One day that year, I was walking home from work at around 7:30 p.m. My path took me through the entire park—around the lake and through two tunnels—until I emerged at the opposite end from the café. I sat down and looked around and saw families and children playing, happy and laughing. Newly installed lights illuminated the park. It was hard to believe it was the same space I had spent so long battling over with gangs and the homeless.

That same year, William J. Bratton’s arrival as LAPD chief accelerated the improvements in the park. Back in 1998, I had counted around 700 arrests in the park alone, not even including the streets or surrounding neighborhoods. In December 2005, I called the senior lead police officer for the area and asked him how many arrests the department had made in MacArthur Park that year. The answer was zero.

The vending district closed in 2006, so we invited the vendors to come and prepare tamales for the café; they’d be reimbursed for all their tamales that we sold. The café also became a small business training center for local people as well as anyone in L.A. needing the support, guidance, and love it takes to build the confidence to start one’s own company.

In 2010, I was diagnosed with breast cancer, and a year later I underwent surgery.

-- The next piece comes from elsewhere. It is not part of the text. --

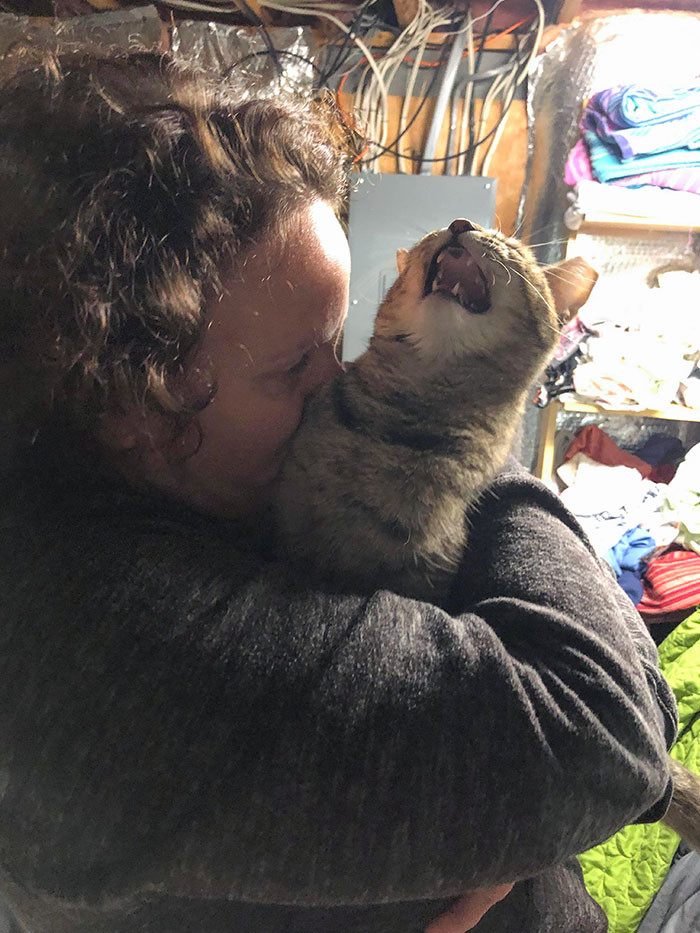 21. "My Mom Is Giving Rei Kisses and She Is Having None of It" You can almost hear this cat's bellowing meow.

At the end of 2011, I closed Mama’s Hot Tamales Café and took a year off to go through treatments and heal.

Now I’m back in action, with a catering business, Mama’s Hot Tamales. I’m still very involved with community development and economic activities around MacArthur Park. The park has slipped a little bit, and some of the issues we tackled more than a decade ago are back. But trust Mama with her watchful eye: In a couple of years, we’ll see the park return to full strength. We’re not going to start failing now.